▸ **Your objective**: From the records below, copy each line in which the string "Hotel" occurs.

(Short descriptive text snippets)
⟨

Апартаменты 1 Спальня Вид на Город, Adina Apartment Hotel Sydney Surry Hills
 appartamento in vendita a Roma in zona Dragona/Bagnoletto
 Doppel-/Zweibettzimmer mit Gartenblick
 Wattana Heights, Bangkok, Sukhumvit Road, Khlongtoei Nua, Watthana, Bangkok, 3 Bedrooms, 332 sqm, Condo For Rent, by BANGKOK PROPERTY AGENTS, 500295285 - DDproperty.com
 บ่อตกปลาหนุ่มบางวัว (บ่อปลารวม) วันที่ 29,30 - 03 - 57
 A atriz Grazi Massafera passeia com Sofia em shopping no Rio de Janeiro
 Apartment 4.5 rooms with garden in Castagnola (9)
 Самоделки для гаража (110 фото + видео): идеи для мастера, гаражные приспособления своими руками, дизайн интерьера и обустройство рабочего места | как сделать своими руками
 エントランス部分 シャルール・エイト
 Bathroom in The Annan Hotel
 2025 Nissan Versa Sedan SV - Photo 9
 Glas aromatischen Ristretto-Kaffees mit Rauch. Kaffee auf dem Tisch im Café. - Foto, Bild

⟩

▸ **Exercise result**:
Апартаменты 1 Спальня Вид на Город, Adina Apartment Hotel Sydney Surry Hills
 Bathroom in The Annan Hotel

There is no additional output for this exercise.